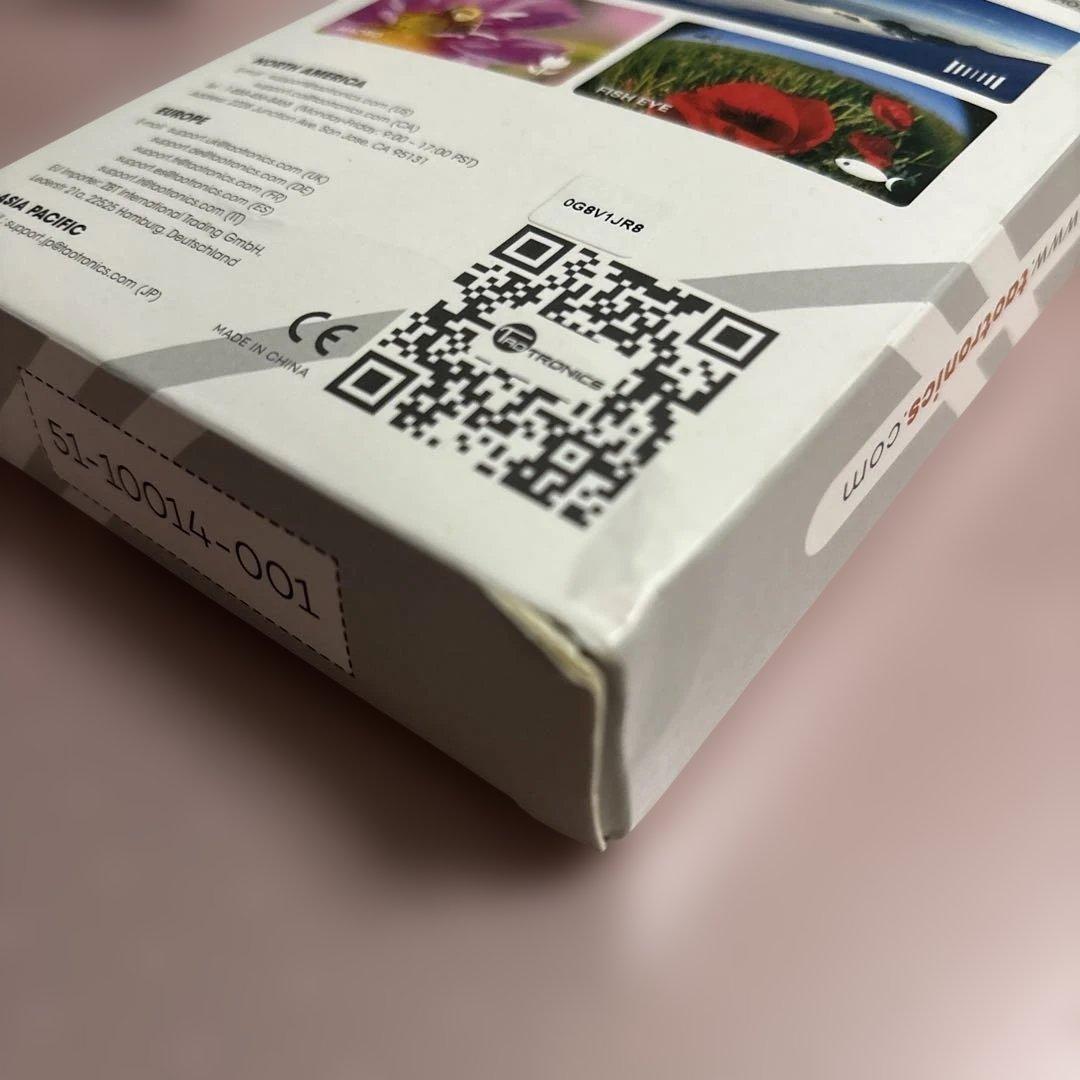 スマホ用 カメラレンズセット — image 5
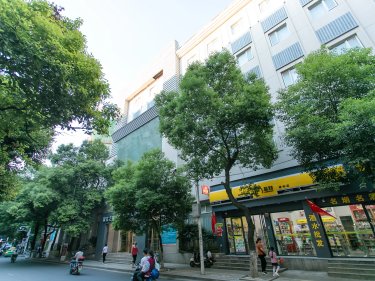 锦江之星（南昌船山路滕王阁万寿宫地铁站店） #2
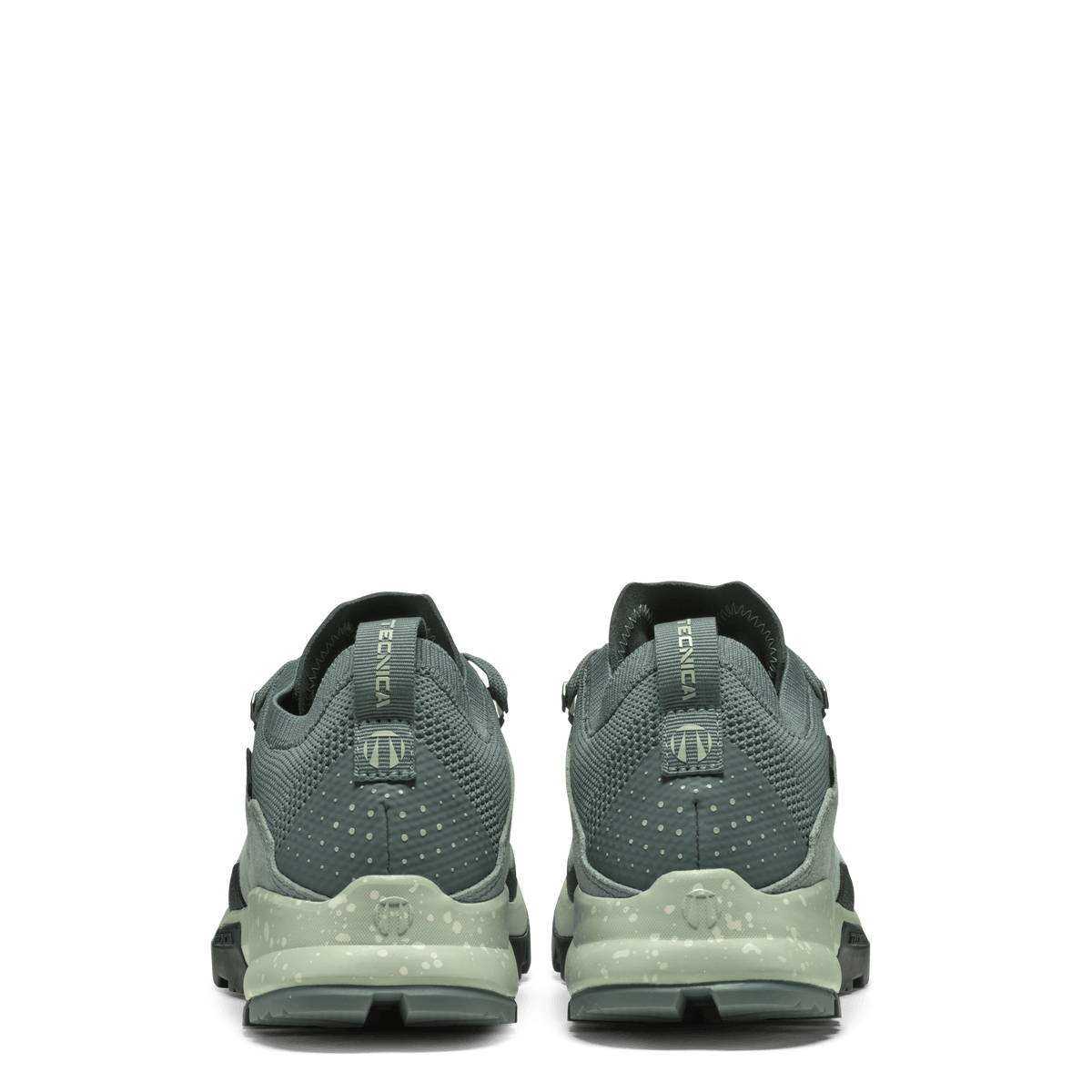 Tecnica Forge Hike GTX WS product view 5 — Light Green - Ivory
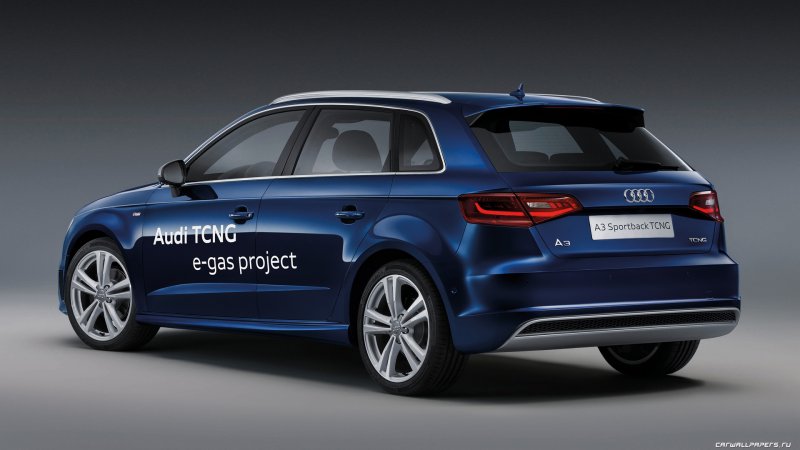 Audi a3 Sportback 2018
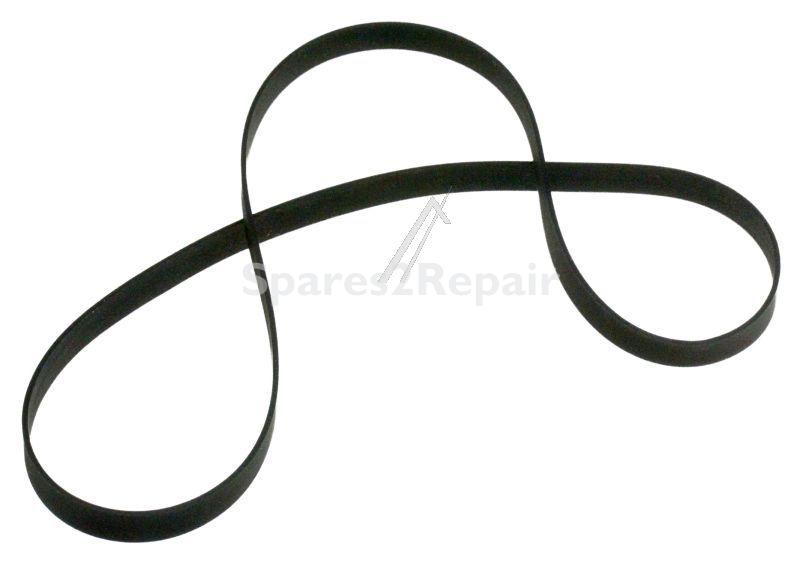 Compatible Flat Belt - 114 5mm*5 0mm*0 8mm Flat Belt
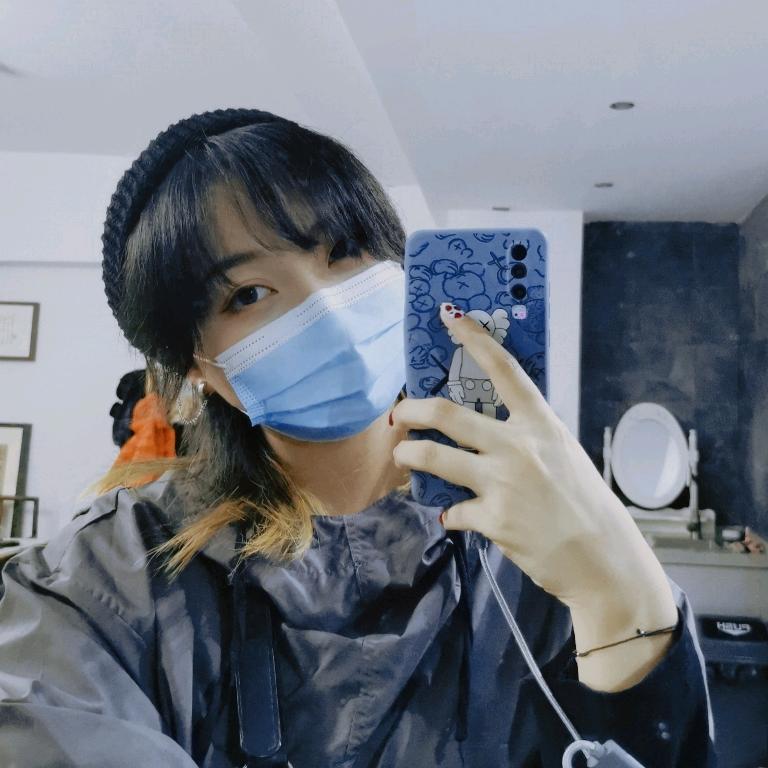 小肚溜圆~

Exercise: Return all records verbatim and drop the pictures.

Reply:
 スマホ用 カメラレンズセット — image 5
 锦江之星（南昌船山路滕王阁万寿宫地铁站店） #2
 Tecnica Forge Hike GTX WS product view 5 — Light Green - Ivory
 Audi a3 Sportback 2018
 Compatible Flat Belt - 114 5mm*5 0mm*0 8mm Flat Belt
 小肚溜圆~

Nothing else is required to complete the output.